Task objective: An exact copy is required of the lines running from the one that contains "AG Adriano Goldschmied Dark Wash Denim Jeans" to the end of the material, both ends included, with pictures omitted.

Data shown:
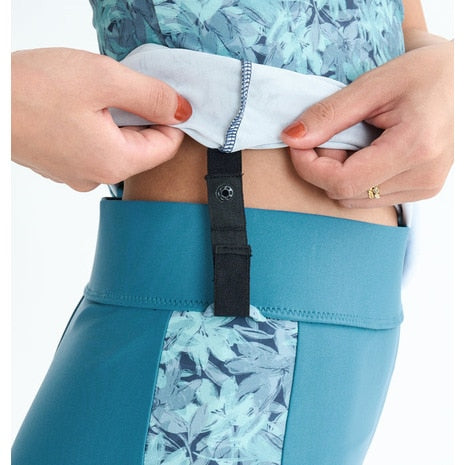 【ROXY（ロキシー）】レディース フィットネス水着 ＬＥＴ　ＩＴ　ＢＥ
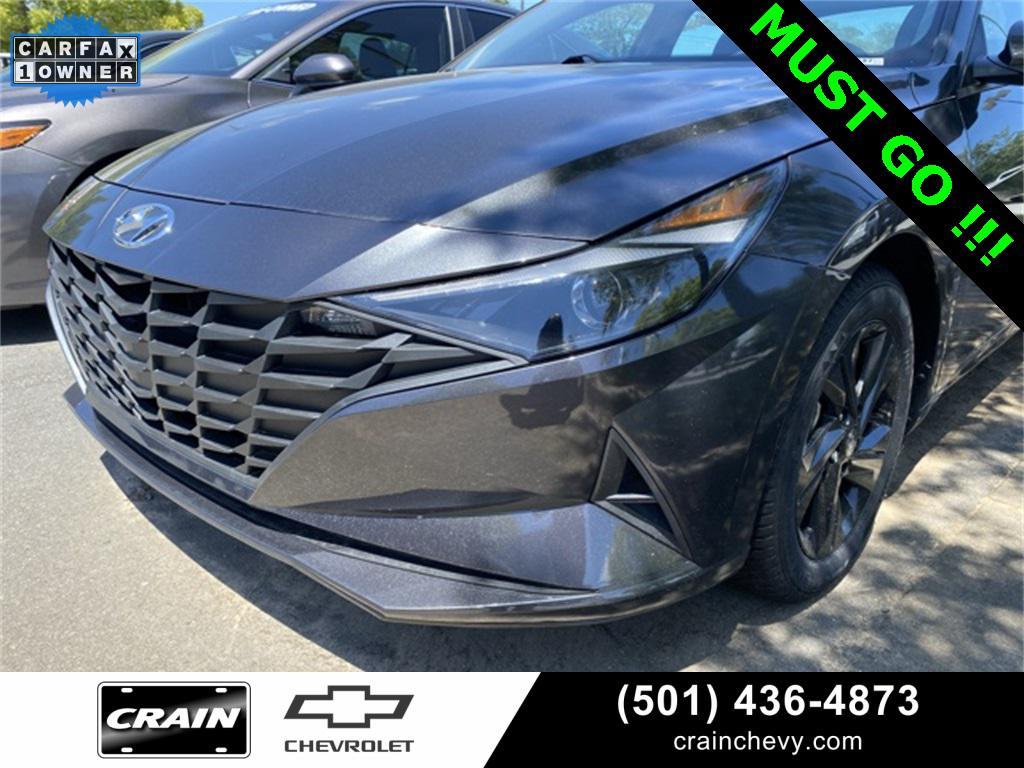 used 2023 Hyundai Elantra car, priced at $19,779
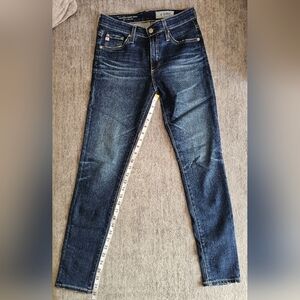 AG Adriano Goldschmied Dark Wash Denim Jeans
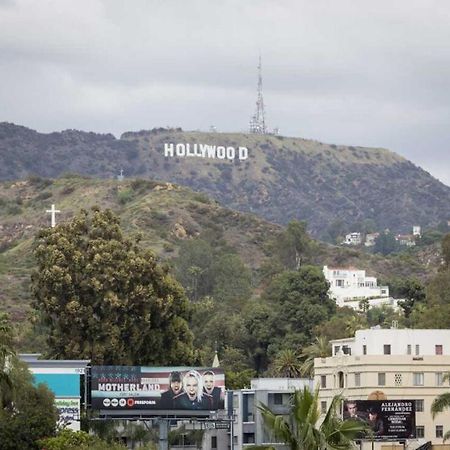 Blue Palm Hollywood Aprtments Los Angeles Exterior photo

Exercise response:
 AG Adriano Goldschmied Dark Wash Denim Jeans
 Blue Palm Hollywood Aprtments Los Angeles Exterior photo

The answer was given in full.